|Review: Iced Earth - Framing Armageddon|
Year released: 2007
Genre: Heavy Metal
Review online: August 29, 2007
Reviewed by: Sargon the Terrible
Rated 3.58/5 (71.67%) (36 Votes)
Here comes the new Iced Earth album. This is part one of a projected two-part album, of which part two should be out next year. I'm generally kind of skeptical of double albums, as I find that most of the time they don't need to be as long as they are. In fact, I can't think of one double album that could not have been cut down to a single disc and been better for it.
Framing Armageddon is the first half of the "Something Wicked" storyline, which is based off the closing 'trilogy' off the Something Wicked This Way Comes album - got all that? This is supposed to be the story of the Eddie-lookalike Iced Earth mascot-dude, but frankly, I don't really care about the storyline, as I can tell from just a casual perusal that it is pretty derivative and dull. So the question is: is this any good at all?

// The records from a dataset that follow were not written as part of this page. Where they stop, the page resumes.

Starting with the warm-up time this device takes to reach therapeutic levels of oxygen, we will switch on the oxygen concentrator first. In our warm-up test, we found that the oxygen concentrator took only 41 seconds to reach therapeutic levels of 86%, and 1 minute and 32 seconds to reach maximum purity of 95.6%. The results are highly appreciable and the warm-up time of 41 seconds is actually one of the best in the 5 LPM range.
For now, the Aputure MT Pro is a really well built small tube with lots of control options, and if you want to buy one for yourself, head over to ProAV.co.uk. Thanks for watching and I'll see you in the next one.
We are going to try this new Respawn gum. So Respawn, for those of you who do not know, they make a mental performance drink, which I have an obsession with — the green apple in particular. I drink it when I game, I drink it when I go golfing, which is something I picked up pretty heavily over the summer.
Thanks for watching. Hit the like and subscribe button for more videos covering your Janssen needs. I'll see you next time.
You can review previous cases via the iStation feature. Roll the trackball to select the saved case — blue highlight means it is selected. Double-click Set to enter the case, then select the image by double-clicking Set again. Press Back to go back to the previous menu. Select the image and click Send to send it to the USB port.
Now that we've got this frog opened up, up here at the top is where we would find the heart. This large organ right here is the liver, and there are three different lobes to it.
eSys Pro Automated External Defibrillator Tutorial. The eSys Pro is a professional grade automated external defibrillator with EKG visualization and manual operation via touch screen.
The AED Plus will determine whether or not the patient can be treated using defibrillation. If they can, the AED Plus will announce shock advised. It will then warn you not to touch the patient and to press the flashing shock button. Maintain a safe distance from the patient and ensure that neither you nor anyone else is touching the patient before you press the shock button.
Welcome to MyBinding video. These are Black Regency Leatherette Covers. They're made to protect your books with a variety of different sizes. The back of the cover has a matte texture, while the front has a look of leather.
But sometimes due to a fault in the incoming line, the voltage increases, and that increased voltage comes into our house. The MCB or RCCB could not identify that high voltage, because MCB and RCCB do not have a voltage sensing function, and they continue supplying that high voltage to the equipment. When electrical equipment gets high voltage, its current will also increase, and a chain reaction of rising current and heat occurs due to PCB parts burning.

Well, this is an Iced Earth album, so if you have heard one, you have pretty much heard them all. This is a bit better than the usual, as they have almost entirely avoided any of Jon Schaeffer's crappy ballads, and kept the metal front and center. There are some very good songs on here, like "Setian Massacre" and "Execution", and there are no songs that really stick out as lousy. But nineteen tracks is just too long, even considering that about three of them are interludes and not songs at all, there are still like sixteen songs on here, which is too many. Tim Owens has obviously given the band a shot in the arm, and he is a far superior singer to old croaker Matt Barlow, but even Ripper's energy can't keep the album's momentum for this long.
So again, we have an ambitious Iced Earth album that reaches for greatness but can't really get there. Iced Earth fans will eat this up, and even those who have never cared for them should be impressed, as this is a harder, faster, heavier album than they have ever done. But I can't help wishing Schaeffer could leave his pretensions at the door and just write solid metal albums, rather than trying to create great art. This is a more visceral and intense album than The Glorious Burden, but it's not quite a masterwork.